# [What this task involves]
Search the entries for the word "Used". Copy each line in which it is found.

[Short descriptive text snippets]
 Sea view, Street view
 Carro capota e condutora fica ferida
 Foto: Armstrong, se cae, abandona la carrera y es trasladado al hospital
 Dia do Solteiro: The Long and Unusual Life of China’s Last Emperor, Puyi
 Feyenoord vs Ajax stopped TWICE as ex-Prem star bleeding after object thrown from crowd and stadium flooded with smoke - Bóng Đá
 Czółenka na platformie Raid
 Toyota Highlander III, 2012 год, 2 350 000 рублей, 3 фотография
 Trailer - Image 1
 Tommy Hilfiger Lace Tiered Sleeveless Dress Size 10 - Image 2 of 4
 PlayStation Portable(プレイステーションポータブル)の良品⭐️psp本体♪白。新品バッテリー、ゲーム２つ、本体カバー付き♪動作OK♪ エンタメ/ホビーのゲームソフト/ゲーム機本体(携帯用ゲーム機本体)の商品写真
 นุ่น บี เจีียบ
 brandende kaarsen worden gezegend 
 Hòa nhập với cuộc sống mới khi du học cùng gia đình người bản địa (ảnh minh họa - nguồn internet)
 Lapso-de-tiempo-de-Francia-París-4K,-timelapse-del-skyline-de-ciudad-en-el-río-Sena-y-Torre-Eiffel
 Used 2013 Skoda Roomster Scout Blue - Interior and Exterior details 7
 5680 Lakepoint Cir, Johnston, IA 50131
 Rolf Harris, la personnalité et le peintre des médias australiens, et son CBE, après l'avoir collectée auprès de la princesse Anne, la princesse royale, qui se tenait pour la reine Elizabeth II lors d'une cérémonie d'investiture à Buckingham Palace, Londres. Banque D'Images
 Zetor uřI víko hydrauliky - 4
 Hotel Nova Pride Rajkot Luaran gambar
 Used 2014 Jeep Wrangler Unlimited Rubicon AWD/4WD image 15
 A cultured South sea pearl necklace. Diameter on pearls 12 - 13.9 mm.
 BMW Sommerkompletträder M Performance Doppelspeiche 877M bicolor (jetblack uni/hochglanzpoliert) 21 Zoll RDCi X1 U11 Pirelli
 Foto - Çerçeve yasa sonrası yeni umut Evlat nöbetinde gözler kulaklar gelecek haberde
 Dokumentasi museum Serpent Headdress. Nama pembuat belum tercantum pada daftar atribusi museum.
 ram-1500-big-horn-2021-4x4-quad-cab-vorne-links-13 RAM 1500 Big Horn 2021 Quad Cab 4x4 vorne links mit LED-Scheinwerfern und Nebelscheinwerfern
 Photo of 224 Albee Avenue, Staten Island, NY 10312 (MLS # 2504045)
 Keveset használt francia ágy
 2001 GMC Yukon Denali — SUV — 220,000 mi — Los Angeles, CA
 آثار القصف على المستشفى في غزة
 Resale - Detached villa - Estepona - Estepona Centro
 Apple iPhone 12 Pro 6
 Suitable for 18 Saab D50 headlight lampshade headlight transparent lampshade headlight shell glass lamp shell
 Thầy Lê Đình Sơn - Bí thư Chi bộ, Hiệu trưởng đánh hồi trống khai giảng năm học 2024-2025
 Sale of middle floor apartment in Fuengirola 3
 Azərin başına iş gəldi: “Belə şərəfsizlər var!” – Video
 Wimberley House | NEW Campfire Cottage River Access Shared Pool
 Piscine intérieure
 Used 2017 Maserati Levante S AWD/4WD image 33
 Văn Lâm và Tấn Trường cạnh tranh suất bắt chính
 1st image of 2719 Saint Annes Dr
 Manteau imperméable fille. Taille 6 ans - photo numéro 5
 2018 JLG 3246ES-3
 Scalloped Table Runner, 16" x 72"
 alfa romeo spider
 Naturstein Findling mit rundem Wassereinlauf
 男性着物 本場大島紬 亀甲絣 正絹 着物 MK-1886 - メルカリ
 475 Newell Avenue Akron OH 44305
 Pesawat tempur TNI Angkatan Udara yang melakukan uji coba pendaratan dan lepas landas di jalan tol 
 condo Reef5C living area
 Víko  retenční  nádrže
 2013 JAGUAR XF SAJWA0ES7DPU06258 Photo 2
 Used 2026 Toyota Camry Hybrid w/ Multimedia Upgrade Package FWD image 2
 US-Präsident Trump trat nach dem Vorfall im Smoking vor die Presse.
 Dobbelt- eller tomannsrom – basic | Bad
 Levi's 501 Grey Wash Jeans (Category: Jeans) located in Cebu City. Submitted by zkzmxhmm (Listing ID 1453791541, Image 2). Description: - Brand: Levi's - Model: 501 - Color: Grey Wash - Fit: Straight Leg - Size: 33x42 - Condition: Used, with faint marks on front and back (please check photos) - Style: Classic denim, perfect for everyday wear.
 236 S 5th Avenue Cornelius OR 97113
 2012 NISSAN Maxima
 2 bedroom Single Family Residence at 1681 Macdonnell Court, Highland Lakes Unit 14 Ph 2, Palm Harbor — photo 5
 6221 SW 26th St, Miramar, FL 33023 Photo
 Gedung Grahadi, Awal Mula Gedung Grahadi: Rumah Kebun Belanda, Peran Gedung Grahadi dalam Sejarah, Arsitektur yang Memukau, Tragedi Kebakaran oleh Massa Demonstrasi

# [Response to the exercise]
 Used 2013 Skoda Roomster Scout Blue - Interior and Exterior details 7
 Used 2014 Jeep Wrangler Unlimited Rubicon AWD/4WD image 15
 Used 2017 Maserati Levante S AWD/4WD image 33
 Used 2026 Toyota Camry Hybrid w/ Multimedia Upgrade Package FWD image 2
 Levi's 501 Grey Wash Jeans (Category: Jeans) located in Cebu City. Submitted by zkzmxhmm (Listing ID 1453791541, Image 2). Description: - Brand: Levi's - Model: 501 - Color: Grey Wash - Fit: Straight Leg - Size: 33x42 - Condition: Used, with faint marks on front and back (please check photos) - Style: Classic denim, perfect for everyday wear.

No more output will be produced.